# Mir fällt nichs als überschrift ein aber bitte reinschaun!



## foxx21 (22. Mai 2002)

Also erstmal Sorry aber mir ist echt nichts als überschrift eingefallen, mein Problem sieht wie folgt aus,..


habe einen ganz neuen rechner mit win xp Home edition.!! brauche nähmlich die lizenz also bitte keine antworten im sinn die HOME EDITIION IS ******e mach was anderes drauf.

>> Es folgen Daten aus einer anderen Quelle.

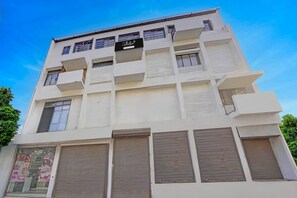 A multi-story building with a sign indicating it is a company-serviced collection. - Classic Hotel Vrundavan Residency (Vadodara)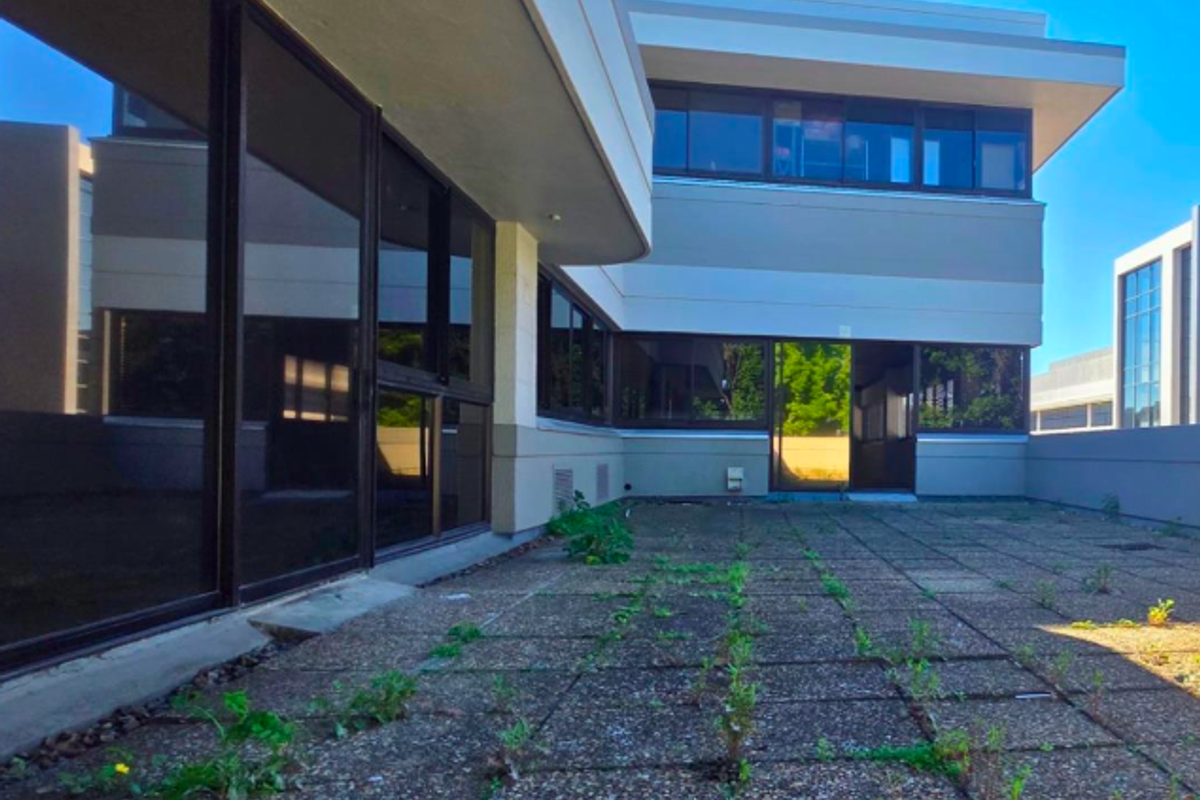 A spacious outdoor terrace area featuring paved flooring and large sliding glass doors, currently requiring maintenance to address weed growth and surface wear.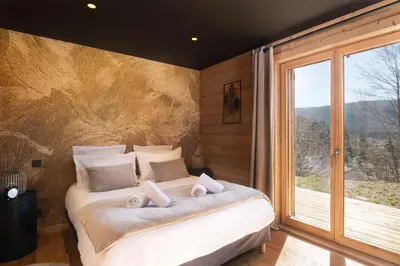 Un ou plusieurs lits dans un hébergement de l'établissement Chalet Tharkey, luxueux au coeur des sapins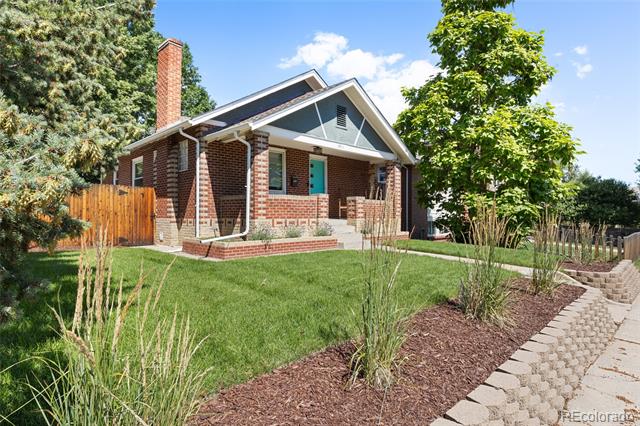 Brick house with a covered front porch, green lawn, and landscaped stone path.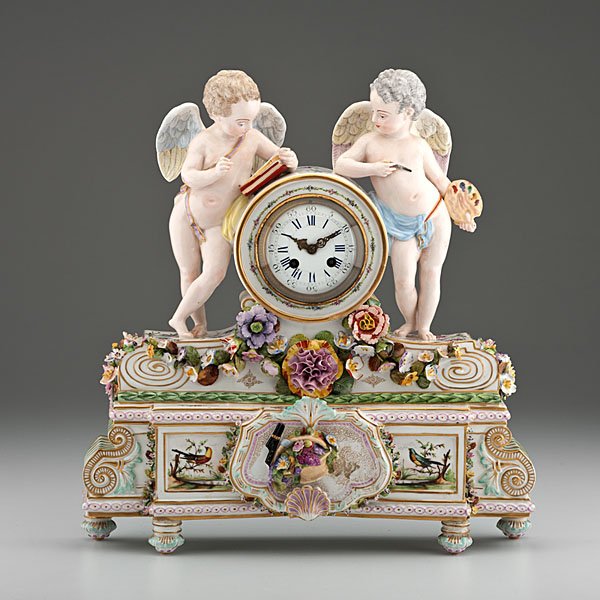 Meissen Porcelain Mantel Clock : German, late 19th century. A Meissen porcelain figural mantel clock with a gilt and polychrome enameled case with applied flowers, the dial flanked by putti depicting literature and art, the rectangul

Nun habe ich aber noch eine alte platte mit wichtigen daten drauf die ich aber unbedingt brauche ich habe auf der alten platte jedoch windows 2000 Prof. drauf und wenn ich beide platten nun einbaue sehe ich denke ich das problem das er einen double boot mit win 2k und xp macht, ich habe mir gedacht ich bau erstmals die alte 2k platte ein und lösche den windwos ordner und dann baue ich die xp platte ein auf master und die alte auf slave .............


bin ich am richtigen weg......?`???

brauche dringend eine antwort, möchte den neuen pc nutzen ,...

Danke

foxx21


----------



## 4nd3rl (22. Mai 2002)

könntest das mal ein wenig anders beschreiben? ich versteh echt nicht was du meinst.... wieso willst du z.b. den windows ordner löschen?

mphg andy


----------



## Helmut Klein (22. Mai 2002)

also, so wie ich das interpretiert hab will er beide platten einbauen, aber er denkt, dass dann ein problem entsteht, da dann von beiden platten gebootet wird, was aber falsch ist, dann es wird immer nur von der C: Pladde gebootet, da wird der Boot-Sektor ausgelesen und fertig, die anderen Festplatten interessieren nicht.

einfach die Pladde, welche du als C: haben willst auf Master jumpern und fertig  .


Socke


----------



## foxx21 (22. Mai 2002)

jo hat sich erledigt dankeschön


----------



## Helmut Klein (22. Mai 2002)

also, so wie ich das interpretiert hab will er beide platten einbauen, aber er denkt, dass dann ein problem entsteht, da dann von beiden platten gebootet wird, was aber falsch ist, dann es wird immer nur von der C: Pladde gebootet, da wird der Boot-Sektor ausgelesen und fertig, die anderen Festplatten interessieren nicht.

einfach die Pladde, welche du als C: haben willst auf Master jumpern und fertig  .


Socke


----------